On 4/20/21 12:36 PM, David Hildenbrand wrote:
On 20.04.21 12:18, Philippe Mathieu-Daudé wrote:
Hi David,
On 4/20/21 11:52 AM, Philippe Mathieu-Daudé wrote:
On 4/13/21 11:14 AM, David Hildenbrand wrote:
Let's pass in ram flags just like we do with
qemu_ram_alloc_from_file(),
to clean up and prepare for more flags.
Simplify the documentation of passed ram flags: Looking at our
documentation of RAM_SHARED and RAM_PMEM is sufficient, no need to be
repetitive.
Reviewed-by: Peter Xu <peterx@redhat.com>
Signed-off-by: David Hildenbrand <david@redhat.com>
---
backends/hostmem-memfd.c | 7 ++++---
hw/misc/ivshmem.c | 5 ++---
include/exec/memory.h | 9 +++------
include/exec/ram_addr.h | 6 +-----
softmmu/memory.c | 7 +++----
5 files changed, 13 insertions(+), 21 deletions(-)

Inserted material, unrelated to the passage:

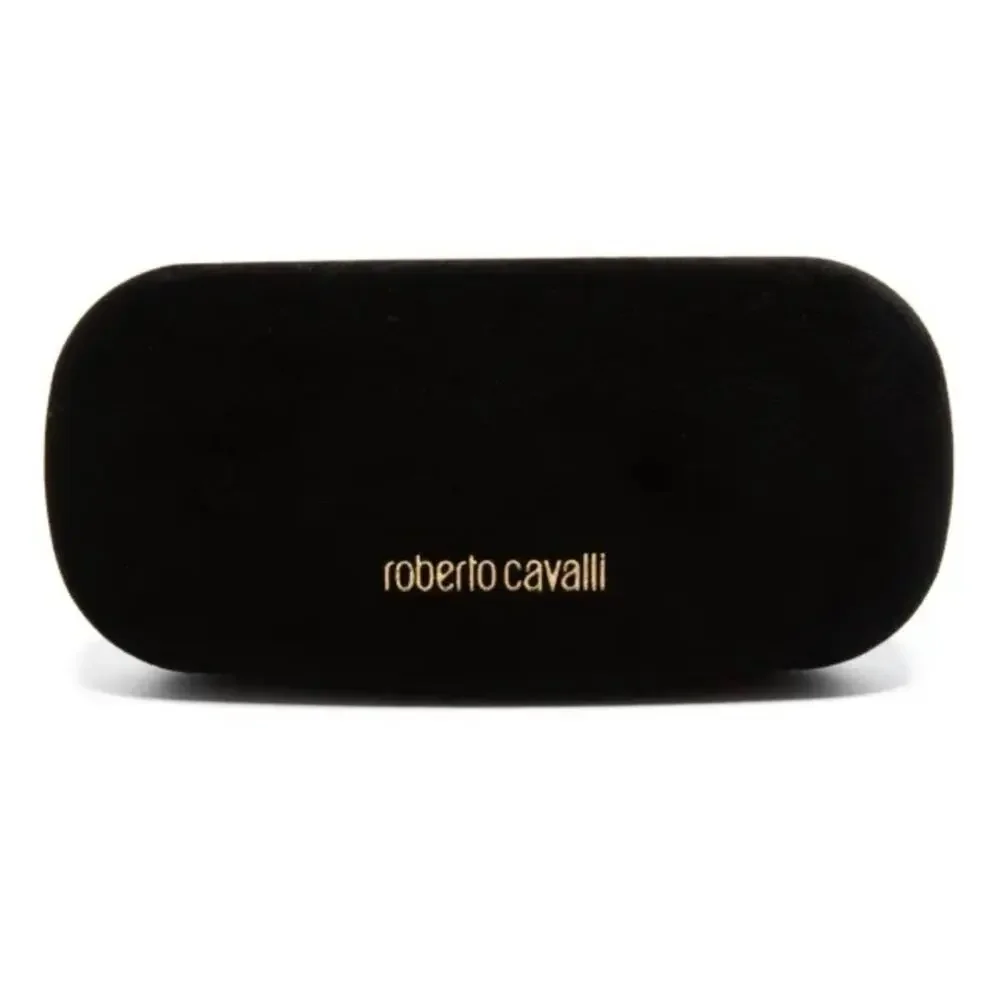Roberto Cavalli featuring sunglasses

Reviewed-by: Philippe Mathieu-Daudé <philmd@redhat.com>
Actually it would be clearer to define the 0 value, maybe:
#define RAM_NOFLAG (0 << 0)
This will also turn some code into
ram_flags = backend->share ? RAM_SHARED : RAM_NOFLAG;
ram_flags |= backend->reserve ? RAM_NOFLAG : RAM_NORESERVE;
This is the callee view, withing the API, where you have all
the context.
Looking at other flag users, I barely see any such usage.

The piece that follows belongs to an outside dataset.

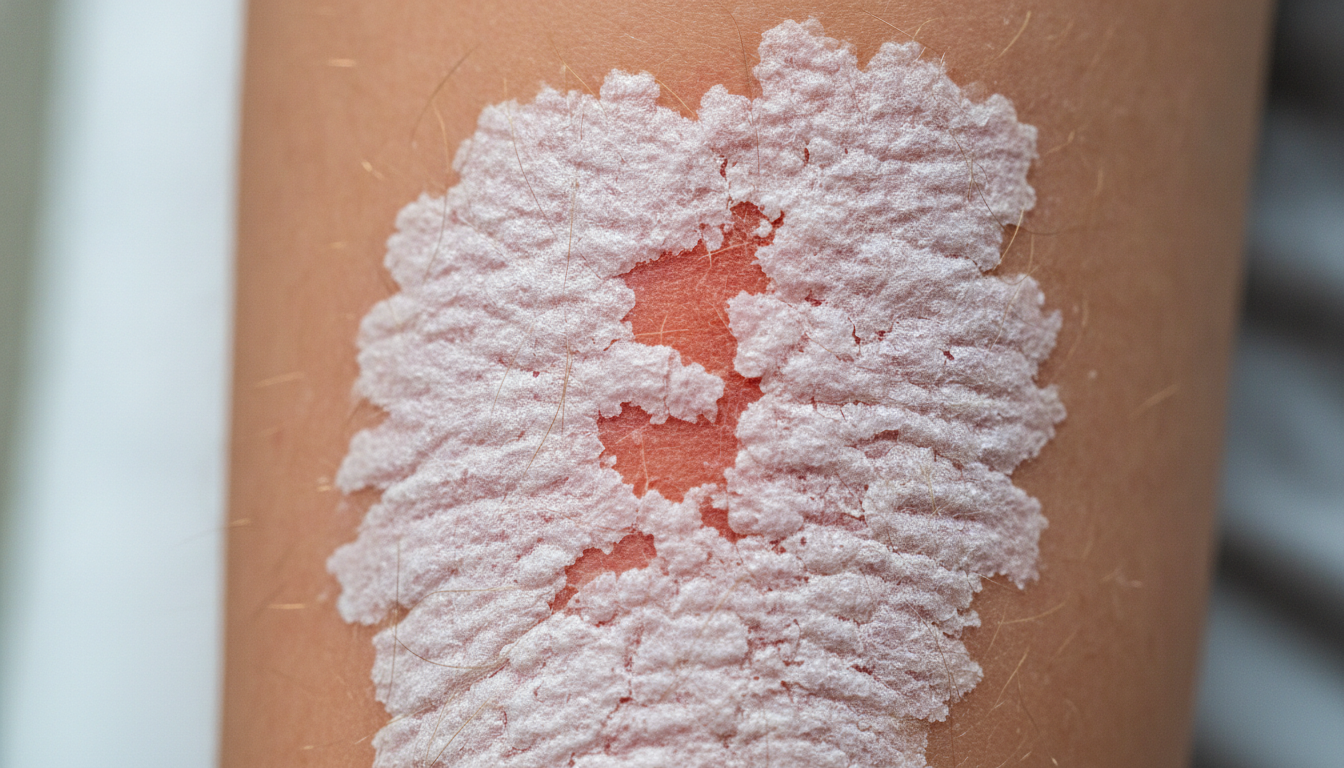 Psoriasis on the elbows symptoms pictures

XKB_CONTEXT_NO_FLAGS, ALLOC_NO_FLAGS, and MEM_AFFINITY_NOFLAGS seem to
be the only ones. That's why I tend to not do it unless there are strong
opinions.
I'm more concerned about the caller perspective. What means this
magic '0' in the arguments? Then I have to check the prototype.
If the caller uses RAM_NO_FLAGS, I directly understand what is passed.